▶ [Work order] Exactly the lines below starting at the line with "Spacious Handbag Made" and ending at the line with "Mitsubishi ASX 2013" are wanted, with both ends included. Leave out the pictures and add no other lines.

::: Data for review

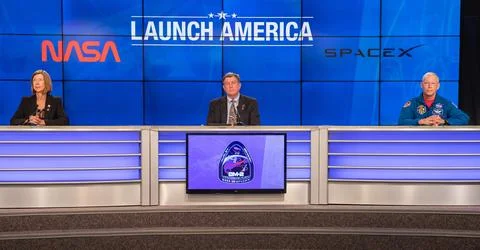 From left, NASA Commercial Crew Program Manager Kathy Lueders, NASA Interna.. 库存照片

::::::
::: Data for review

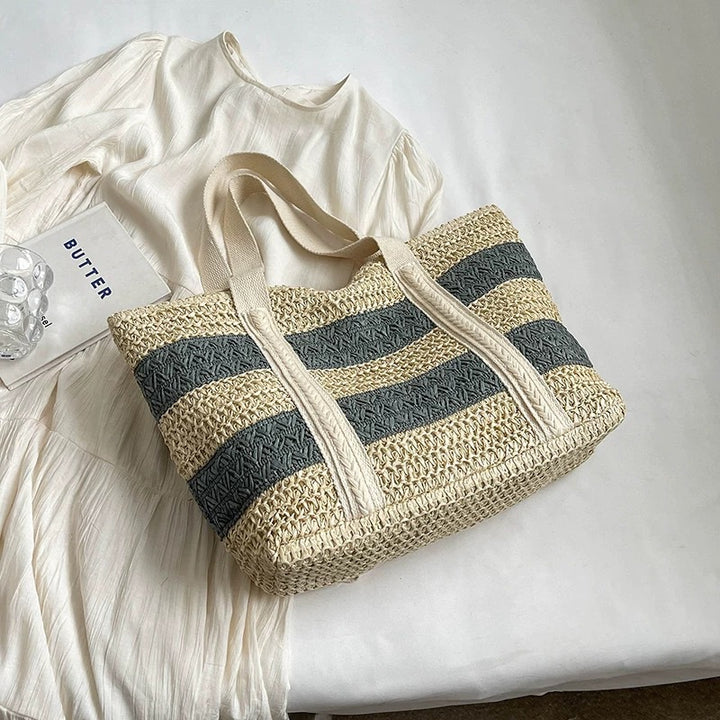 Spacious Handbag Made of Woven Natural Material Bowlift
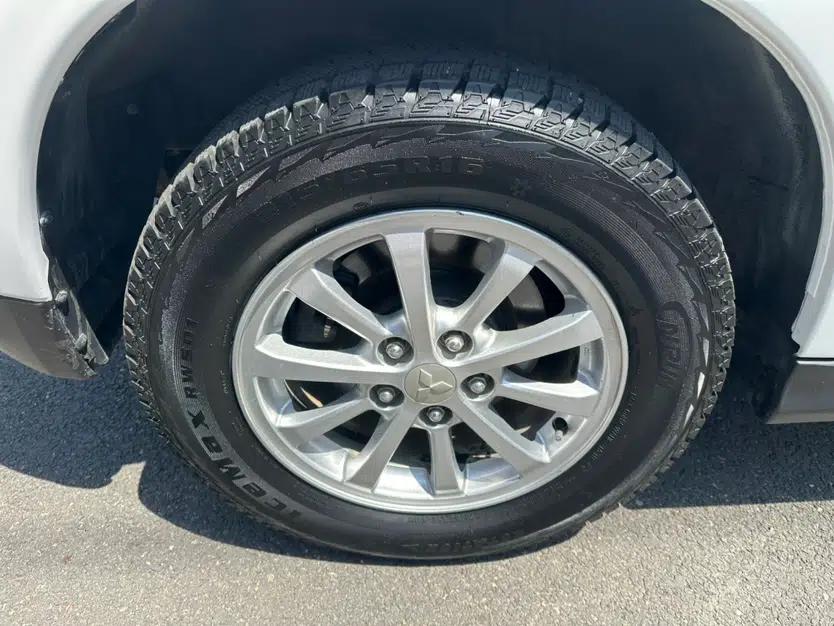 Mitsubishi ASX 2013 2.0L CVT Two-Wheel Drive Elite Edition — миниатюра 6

::::::

▶ [Task answer]
 Spacious Handbag Made of Woven Natural Material Bowlift
 Mitsubishi ASX 2013 2.0L CVT Two-Wheel Drive Elite Edition — миниатюра 6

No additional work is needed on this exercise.